The African Development Bank (AfDB) has granted US$ 20 million to the Democratic Republic of Congo (DRC) to finance a solar off-grid electrification programme.
An additional financing for solar energy in the Democratic Republic of Congo (DRC). The African Development Bank (AfDB) has just announced its support for the DRC government’s off-grid solar electrification programme, amounting to US$ 20 million. “This innovative project will hopefully demonstrate the viability and interest of the private sector to finance this type of mini-grid, which will lead to a market for mini-grids on the continent. We hope to replicate this model once the pilot project has proven its worth,” said Amadou Hott, AfDB Vice President in charge of Electricity, Energy, Climate Change and Green Growth.

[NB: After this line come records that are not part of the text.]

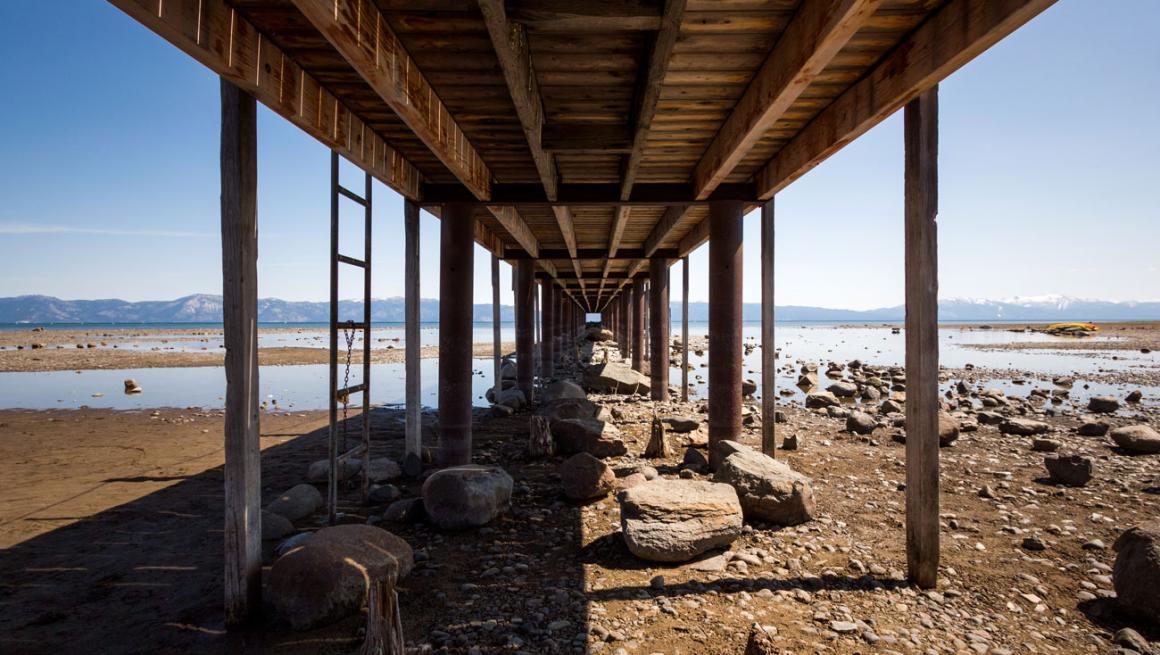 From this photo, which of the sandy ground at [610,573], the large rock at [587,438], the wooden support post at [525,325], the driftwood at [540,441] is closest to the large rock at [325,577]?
the sandy ground at [610,573]

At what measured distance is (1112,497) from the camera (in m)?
6.88

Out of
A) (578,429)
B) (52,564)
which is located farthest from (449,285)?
(52,564)

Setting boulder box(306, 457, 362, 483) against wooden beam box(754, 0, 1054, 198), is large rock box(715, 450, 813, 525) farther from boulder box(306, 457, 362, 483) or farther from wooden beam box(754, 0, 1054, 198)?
boulder box(306, 457, 362, 483)

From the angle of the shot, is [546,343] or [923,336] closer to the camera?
[923,336]

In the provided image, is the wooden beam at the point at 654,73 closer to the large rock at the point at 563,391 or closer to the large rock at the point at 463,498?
the large rock at the point at 463,498

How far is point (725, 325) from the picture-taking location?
8.65 meters

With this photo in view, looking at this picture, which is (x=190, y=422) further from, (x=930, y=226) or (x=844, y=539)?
(x=930, y=226)

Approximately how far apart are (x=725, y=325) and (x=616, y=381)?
929 centimetres

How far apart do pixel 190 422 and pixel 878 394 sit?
21.5 m

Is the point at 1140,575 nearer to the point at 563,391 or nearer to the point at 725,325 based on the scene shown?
the point at 725,325

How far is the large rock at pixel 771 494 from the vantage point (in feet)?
19.5

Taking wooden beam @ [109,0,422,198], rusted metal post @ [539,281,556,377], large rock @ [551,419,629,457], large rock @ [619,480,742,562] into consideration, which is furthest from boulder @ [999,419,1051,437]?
rusted metal post @ [539,281,556,377]

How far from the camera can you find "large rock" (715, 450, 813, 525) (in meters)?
5.95

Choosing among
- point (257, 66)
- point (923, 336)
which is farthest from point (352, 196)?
point (923, 336)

The DR Congo government’s programme will begin with the installation of three of grids in the locality of d’Isiro in Haut-Uele province, in Bumba in Equateur and in Genema in Sud-Ubangi. These installations will have capacities ranging from 3 MW to 10 MW. These solar parks will provide energy to 21,200 households and 2,100 small businesses.
The AfDB’s support for solar energy in the DRC comes after Exim Bank of India invested in the construction of several small solar power plants in this Central African country. These investments should make it possible to start exploiting the DRC’s solar resources.
A potential that is still under-exploited
The three solar power plants and off-grid projects mark the beginning of the exploitation of the solar potential of the second-largest country on the African continent. At the moment, there are very few such installations in the DRC, except for solar home kits distributed by companies such as the British Bboxx. According to the National Energy Commission (CNE), even if the country is below the solar belt, the minimum value for electrification by photovoltaic system is 1 KWh/m2, which means that the DRC has enormous untapped solar energy potential.
Nevertheless, according to the authorities and some international organisations, solar energy will be better taken into account in the DRC’s energy mix in the future. In fact, the Congolese government and the International Solar Alliance (ISA) plan to electrify 1,000 villages each year from off-grid systems. In each provincial capital, these partners plan to build a solar power plant connected to the national grid.
The government also plans to use solar home kits to provide electricity to 1 million households in 145 localities in the DRC. In June 2018, an agreement was reached between Bboxx and the Congolese government to distribute 400,000 solar kits in villages by 2020. Solar energy will also be integrated into drinking water with a project to install 1000 solar pumps in remote areas of the DRC.